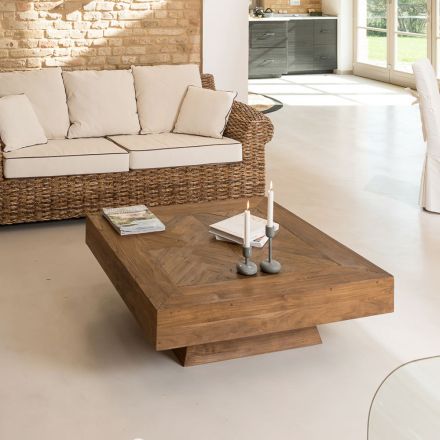 Tavolino da Salotto Quadrato in Legno Tropicale Riciclato - Slide Viadurini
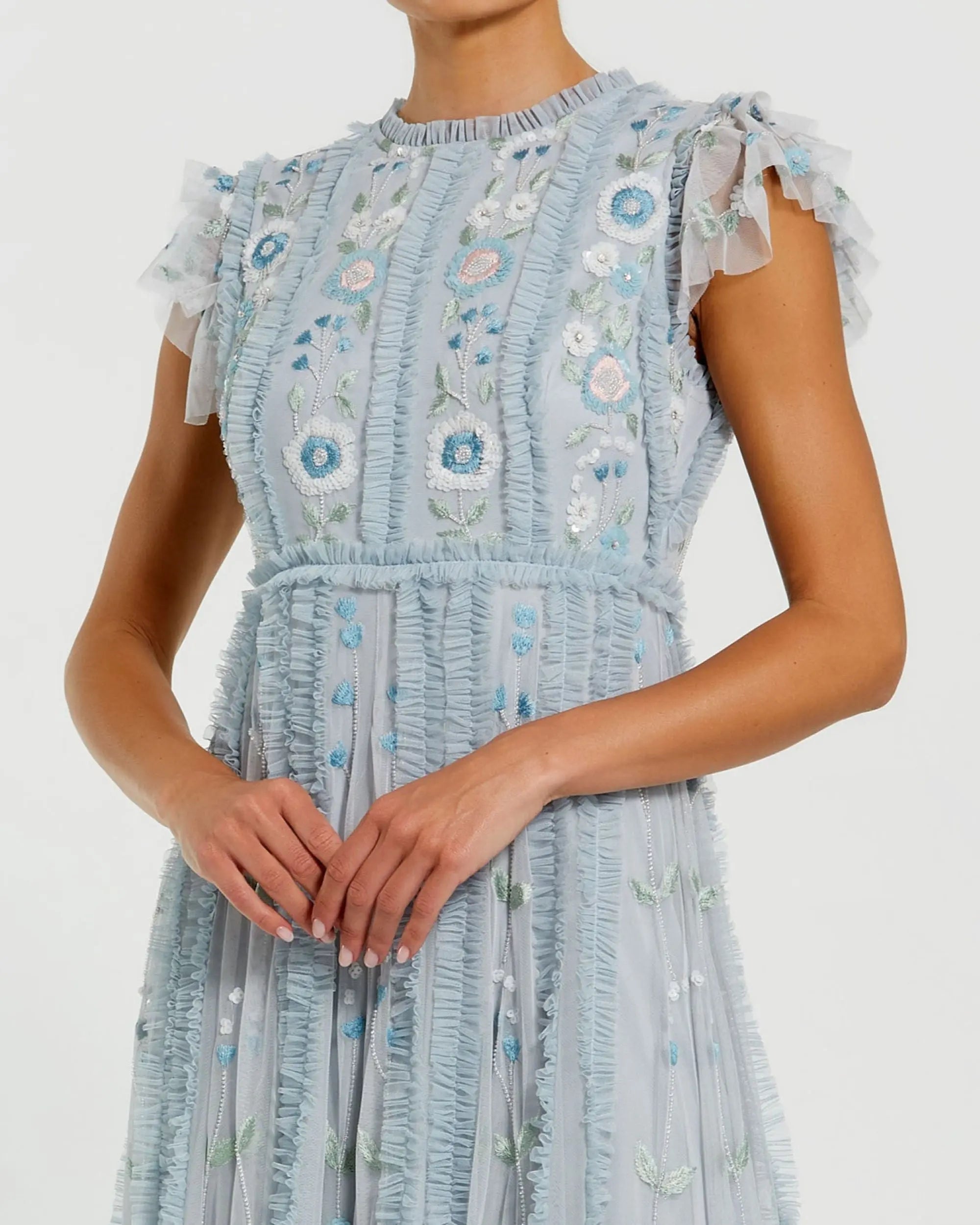 Blue Floral Embroidered Ruffle A Line Gown-Myartka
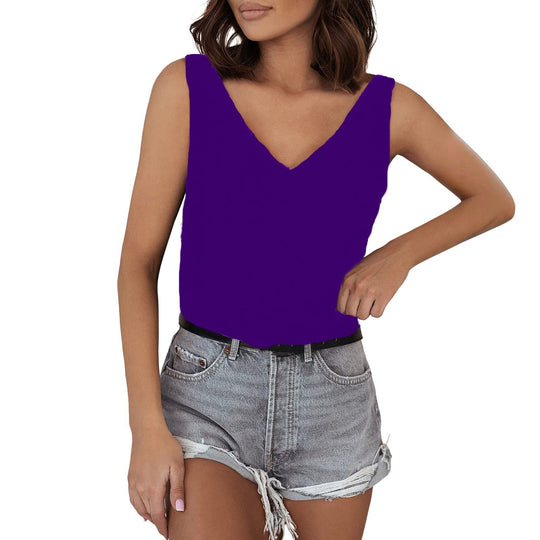 Damen Ärmelloses V-Ausschnitt Top Aus Hochwertigem Material Heidi-Mode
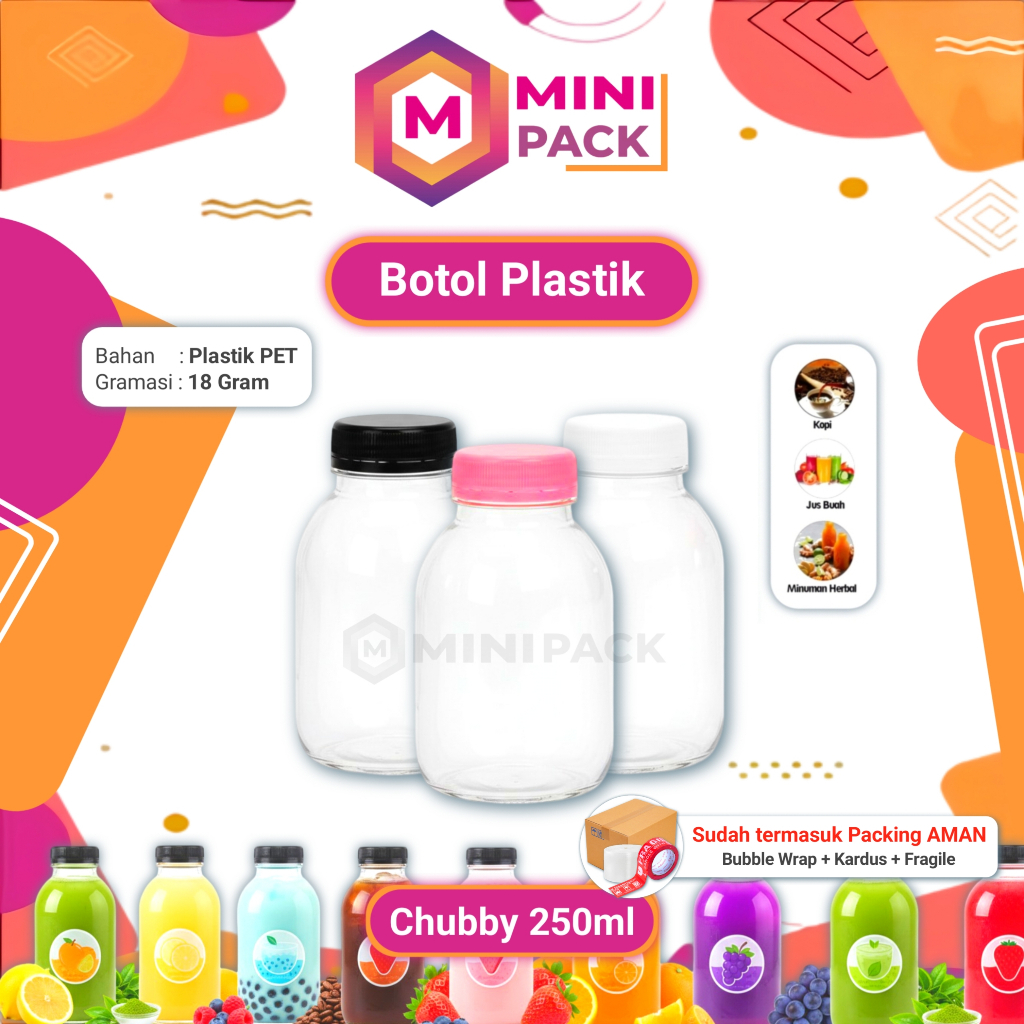Botol Chubby 250 ml Plastik Transparan +Tutup Cuby Cubi Chubbi Chubi Chuby Puding Sirup 250ml 200ml 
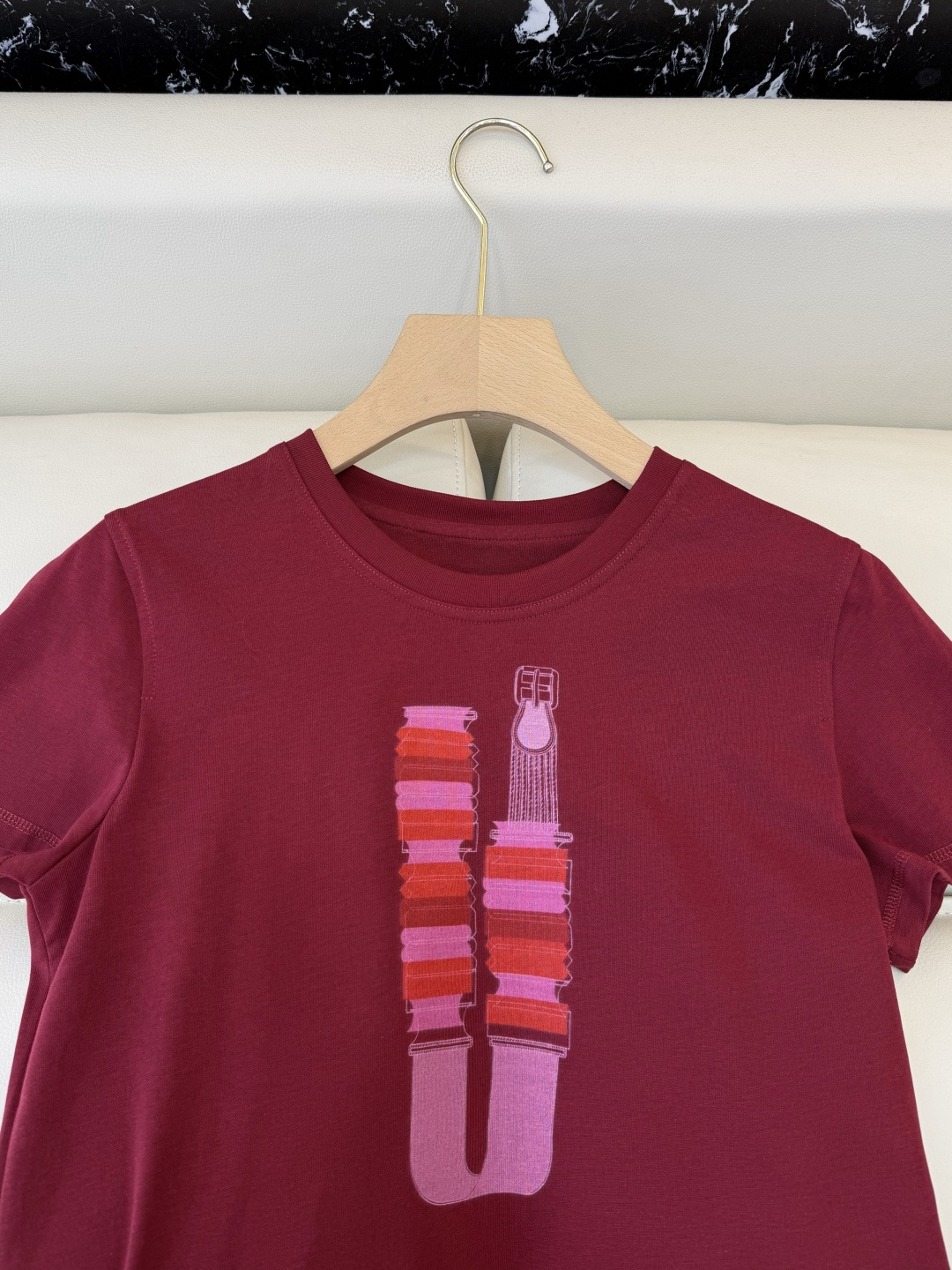 QG0162#新款T恤⚠️‼️H家 独家版 ‼️爱马仕 顶级版 印花 短袖T恤 粉色 车厘子红 黑色 白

= Instructions for the task =
Could you set down word for word each line from the one holding "Blue Floral Embroidered" through the end of the material above, without any pictures?

= Completed exercise =
 Blue Floral Embroidered Ruffle A Line Gown-Myartka
 Damen Ärmelloses V-Ausschnitt Top Aus Hochwertigem Material Heidi-Mode
Botol Chubby 250 ml Plastik Transparan +Tutup Cuby Cubi Chubbi Chubi Chuby Puding Sirup 250ml 200ml 
 QG0162#新款T恤⚠️‼️H家 独家版 ‼️爱马仕 顶级版 印花 短袖T恤 粉色 车厘子红 黑色 白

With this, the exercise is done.